• TASK REQUIREMENTS
Write out the stretch of lines below that begins at the line with "Bedroom FurnitureFactory.ie" and ends at the line with "victoria significa mucho", including both, exactly as given and nothing more.
+++ TASK DATA
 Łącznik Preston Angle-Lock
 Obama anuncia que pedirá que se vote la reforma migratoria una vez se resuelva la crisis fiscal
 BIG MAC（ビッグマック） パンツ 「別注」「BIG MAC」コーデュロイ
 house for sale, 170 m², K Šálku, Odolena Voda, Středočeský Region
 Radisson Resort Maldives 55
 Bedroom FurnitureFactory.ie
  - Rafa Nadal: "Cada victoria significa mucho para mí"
++++++
+++ TASK DATA
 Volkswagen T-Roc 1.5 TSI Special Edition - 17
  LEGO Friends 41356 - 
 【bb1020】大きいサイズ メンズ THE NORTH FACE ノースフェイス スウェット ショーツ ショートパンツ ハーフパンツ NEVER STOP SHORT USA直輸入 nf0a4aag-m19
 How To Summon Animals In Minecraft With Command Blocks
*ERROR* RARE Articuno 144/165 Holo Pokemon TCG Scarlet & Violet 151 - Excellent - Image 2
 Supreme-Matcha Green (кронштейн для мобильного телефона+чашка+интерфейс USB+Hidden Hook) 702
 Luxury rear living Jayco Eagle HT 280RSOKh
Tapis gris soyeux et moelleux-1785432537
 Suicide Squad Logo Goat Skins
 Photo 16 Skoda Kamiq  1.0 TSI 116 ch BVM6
++++++
• ANSWER BOX
 Bedroom FurnitureFactory.ie
  - Rafa Nadal: "Cada victoria significa mucho para mí"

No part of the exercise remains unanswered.